(Work required): Print the data verbatim. Leave every image out.

(Source data):

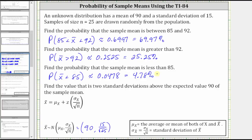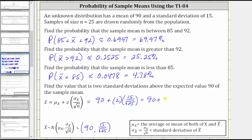For the last part, we're asked to find the value that is two standard deviations above the expected value of 90 of the sample mean. The expected value is 90 because 90 is the mean of both the original distribution as well as the sample distribution. So we have x bar equal to the mean of 90 plus the z score of two, times the standard deviation of the sample distribution, which is 15 divided by the square root of 25. Simplifying, we have 90 plus two times three, which gives us 96. So the value that is two standard deviations above the expected value of 90 of the sample mean is 96.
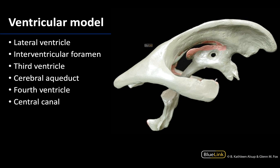This model really is showing the size and shape of the hollow spaces or the ventricles and their connections within the brain. We are going to start with the most superior ventricles and also the largest — these are the paired lateral ventricles, and this is this whole area right around here.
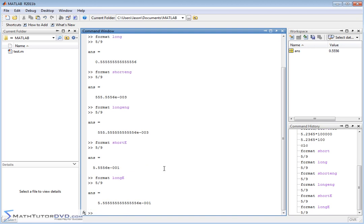That pretty much covers most of the common things you might want to change in your display format. In all of these cases, don't forget MATLAB is doing all internal computations at its maximum internal precision. What we're doing here is just how we choose to display the result — some people love seeing all the digits, some prefer a cleaner screen.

(Worked solution):
For the last part, we're asked to find the value that is two standard deviations above the expected value of 90 of the sample mean. The expected value is 90 because 90 is the mean of both the original distribution as well as the sample distribution. So we have x bar equal to the mean of 90 plus the z score of two, times the standard deviation of the sample distribution, which is 15 divided by the square root of 25. Simplifying, we have 90 plus two times three, which gives us 96. So the value that is two standard deviations above the expected value of 90 of the sample mean is 96.
This model really is showing the size and shape of the hollow spaces or the ventricles and their connections within the brain. We are going to start with the most superior ventricles and also the largest — these are the paired lateral ventricles, and this is this whole area right around here.
That pretty much covers most of the common things you might want to change in your display format. In all of these cases, don't forget MATLAB is doing all internal computations at its maximum internal precision. What we're doing here is just how we choose to display the result — some people love seeing all the digits, some prefer a cleaner screen.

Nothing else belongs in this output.